One simple answer is that the Unix API provides no way to report delayed errors for file and directory operations. If you write() data, it is an accepted part of the Unix API that errors stemming from that write may not be reported until much later, such as when you close() the file. This includes not just 'IO error' type errors, but also problems such as 'out of space' or 'disk quota exceeded'; they may only appear and become definite when the system forces the data to be written out. However, there's no equivalent of close() for things like removing files or renaming them, or making directories; the Unix API assumes that these either succeed or fail on the spot.

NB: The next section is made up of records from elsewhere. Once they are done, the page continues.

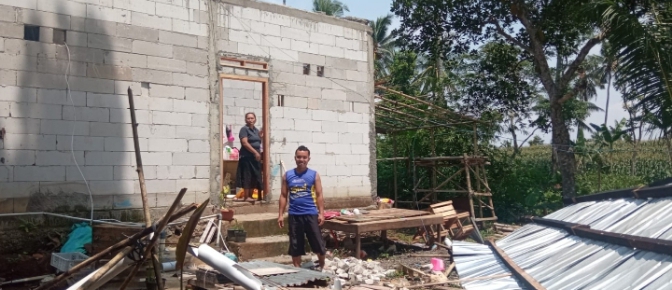 Puting Beliung Rusak Rumah Warga Desa Rembul Kabupaten Pemalang 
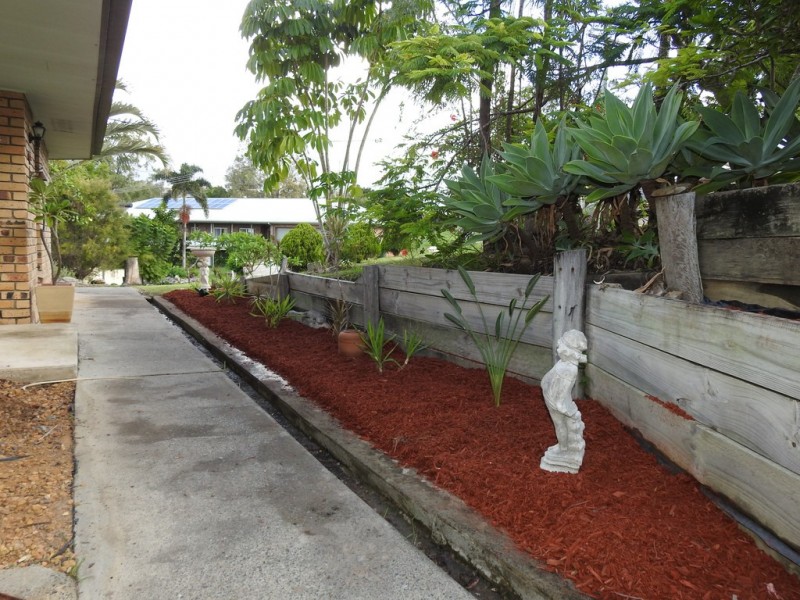 53 Ivanhoe Dr, Edens Landing QLD 4207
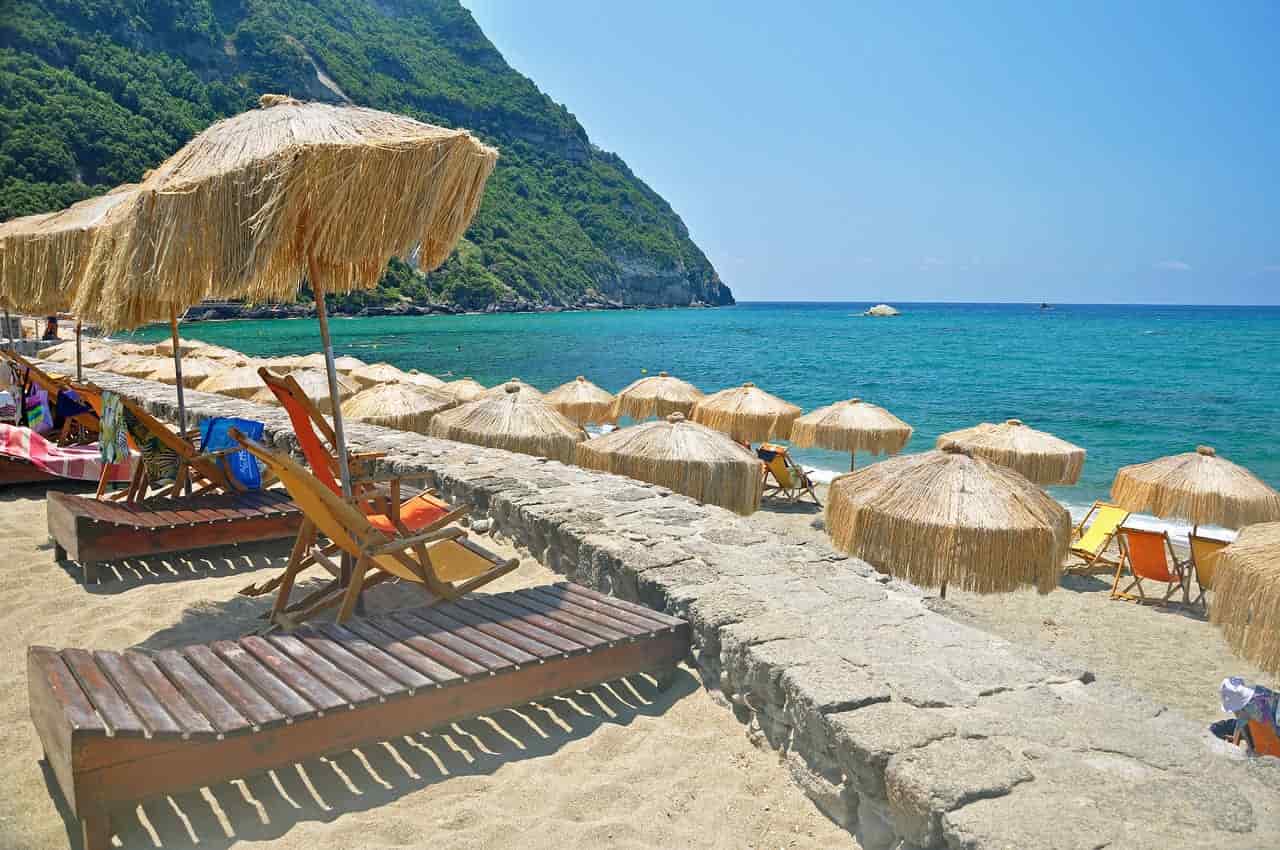 A Ischia ci sono le terme per questo ogni stagione è giusta! ischia ottobre mare
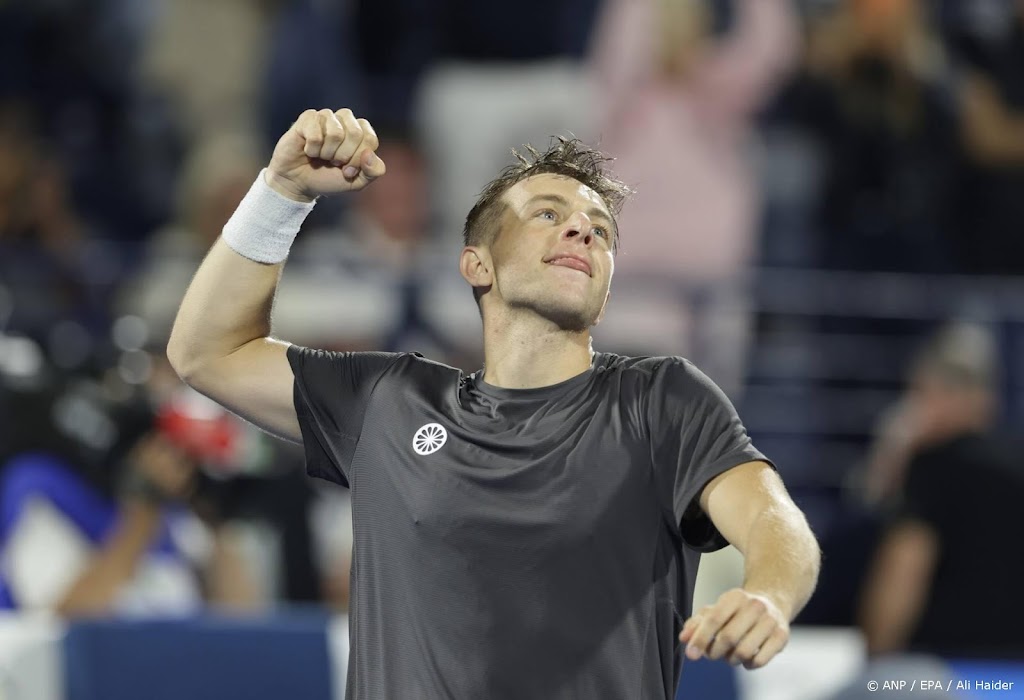 tennis: spelers van toernooi in de vae geëvacueerd vanwege noodsituatie. lees meer over de evacuatie en de impact op het toernooi.
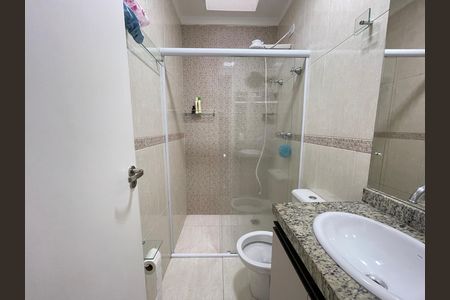 Casa para alugar com 170m², 3 quartos e 6 vagasBanheiro social 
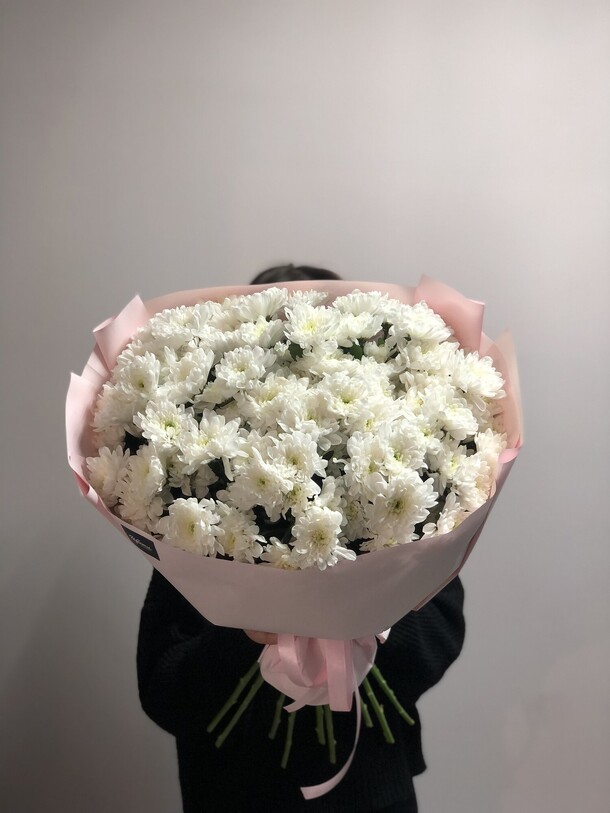 Букет из хризантемы, артикул F1324121 - 6637 рублей, доставка по городу. Flawery - доставка цветов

(Of course, the Unix API doesn't necessarily promise that all errors are reported at close() and that close() flushes your data to disk. But at least close() explicitly provides the API a final opportunity to report that some errors happened somewhere, and thus allows it to not report all errors at write()s.)

This lack in the Unix API means that it's pretty dangerous for a kernel to accept such operations without actually committing them; if something goes wrong, there's no way to report the problem (and often no process left to report them to). It's especially dangerous in a network filesystem, where the server may crash and reboot without programs on the client noticing (there's no Unix API for that either). It would be very disconcerting if you did a VCS checkout, started working, had everything stall for a few minutes (as the server crashed and came back), and then suddenly all of your checkout was different (because the server hadn't committed it).

You could imagine a network filesystem where the filesystem protocol itself said that file and directory operations were asynchronous until explicitly committed, like NFS v3 writes. But since the Unix API has no way to expose this to programs, the client kernel would just wind up making those file and directory operations synchronous again so that it could immediately report any and all errors when you did mkdir(), rename(), unlink(), or whatever. Nor could the client kernel really batch up a bunch of those operations and send them off to the network filesystem server as a single block; instead it would need to send them one by one just to get them registered and get an initial indication of success or failure (partly because programs often do inconvenient things like mkdir() a directory and then immediately start creating further things in it).

Given all of this, it's not surprising that neither the NFS protocol nor common NFS server implementations try to change the situation. With no support from the Unix API, NFS clients will pretty much always send NFS file and directory operations to the server as they happen and need an immediate reply. In order to avoid surprise client-visible rollbacks, NFS servers are then more or less obliged to commit these metadata changes as they come in, before they send back the replies. The net result is a series of synchronous operations; the client kernel has to send the NFS request and wait for the server reply before it returns from the system call, and the server has to commit before it sends out its reply.

(In the traditional Unix way, some kernels and some filesystems do accept file and metadata operations without committing them. This leads to problems. Generally, though, the kernel makes it so that your operations will only fail due to a crash or an actual disk write error, both of which are pretty uncommon, not due to other delayed issues like 'out of disk space' or 'permission denied (when I got around to checking)'.)